Iraq
Ansar al-Sunnah (Followers of the Tradition) is an Iraqi Jihadist group, dedicated to the establishment of an Islamic state based on Shari’ah in Iraq, which they aim to achieve by the defeat of coalition forces and foreign occupation. They believe that jihad in Iraq has become obligatory for Muslims. The group’s membership is varied, and is comprised of operatives from the Kurdish terrorist organization Ansar al-Islam, foreign al-Qaeda
operatives, and Iraqi Sunnis.
Targets have included coalition military personnel, members of the Iraqi National Guard, new Iraqi governmental institutions, and Kurdish political establishments, which the group sees as puppet regimes of the American occupation. Ansar al-Islam itself claims to have carried out a total of 285 attacks since May, 2003, killing 1,155 and injuring 160, although many of its claims are unsubstantiated. The group has also threatened to strike US forces with a missile they call the “Khattab-2.” The group is reportedly responsible for the kidnapping of a group of Nepalese contractors, as well as the beheading of an Iraqi military officer, a tape of which was distributed on the internet in November, 2004.

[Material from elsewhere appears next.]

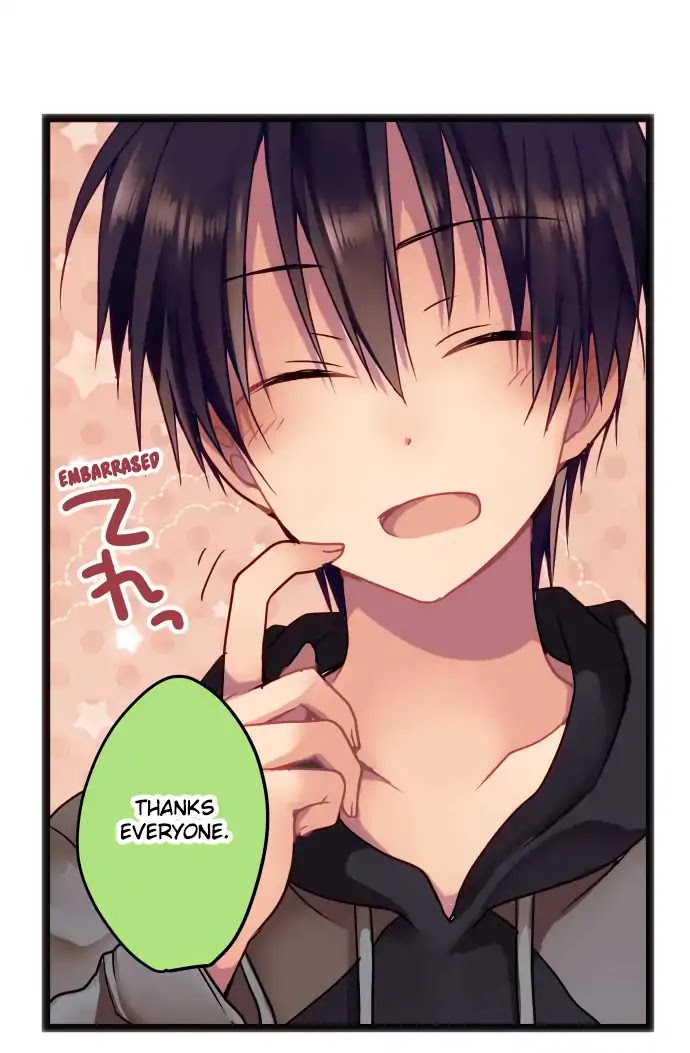 Monochrome Lovers Chapter 14 page 3 - Chapter 14: I think you should try smiling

Ansar al-Sunnah has reportedly released a joint statement, along with the banned Arab Socialist Ba’th Party and the group of insurgent Abu Mus’ab al-Zarqawi, in which the groups pledged to “step up and double” their attacks on coalition targets. The statement, written by the Ba’ath party, was in response to the Sharm al-Shaykh conference, which focused on the establishment of general elections in Iraq in January, 2005. Ansar al-Sunnah has also threatened to strike polling centers and candidates in the upcoming Iraqi elections, claiming that elections for a government that will impose man-made laws is considered infidelity.